= Saborios =

Saborios or Saborius (Σαβώριος) was a Byzantine general who rose in revolt against Emperor Constans II (r. 641–668) in 667–668. He sought and obtained the aid of the Caliph Muawiyah I (r. 661–680), but was killed in a horse accident before confronting the imperial troops.

==Biography==
Saborios is mentioned as being of Persian descent by Theophanes the Confessor (his name is a rendering of the Persian Shapur), but most modern scholars regard him an Armenian. He is sometimes identified with a certain Pasagnathes, "patrikios of the Armenians", who rebelled in 651/652.

In 667, Saborios was the governing general (strategos) of the theme of the Armeniacs, covering the northeastern part of Byzantine Anatolia. At the time, and for several years, Emperor Constans II had been residing in Syracuse in Sicily, having left the capital Constantinople in the hands of his young son, co-emperor, and eventual successor, Constantine IV (r. 668–685). In the emperor's absence, Caliph Muawiyah had sent a series of devastating raids into Anatolia, targeting chiefly the Armeniac theme.

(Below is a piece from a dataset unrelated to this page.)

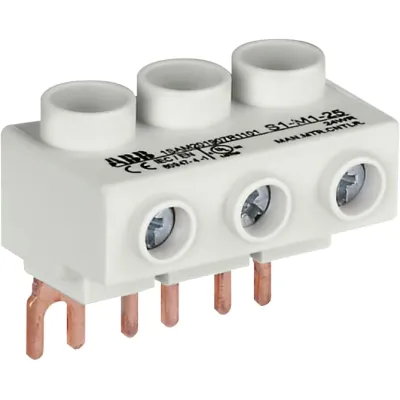 ABB 3-Phasen-Einspeiseblock S1-M1-25 | bis 25mm² | 65A | flach | für MS116/MS132 | schraubbar | berührungssicher | Weiß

Taking advantage of the absence of many soldiers of the other themes with Constans in Sicily, Saborios launched a revolt in late 667. In order to secure his rear, he sent one of his generals, Sergios, to Damascus to enlist Muawiyah's support. Constantine, learning of the rebellion, also sent an envoy, the eunuch koubikoularios Andrew, to the caliph. Andrew, however, could not match the rebel's offer of a heavy tribute ("the entire public revenues" according to Theophanes) and Muawiyah agreed to support Saborios with troops. Despite this setback, Andrew arranged for Sergios, who had insulted him during the negotiations, to be captured at a pass near Arabissus in Cilicia by troops loyal to the emperor. Sergios was then castrated and impaled on a stake.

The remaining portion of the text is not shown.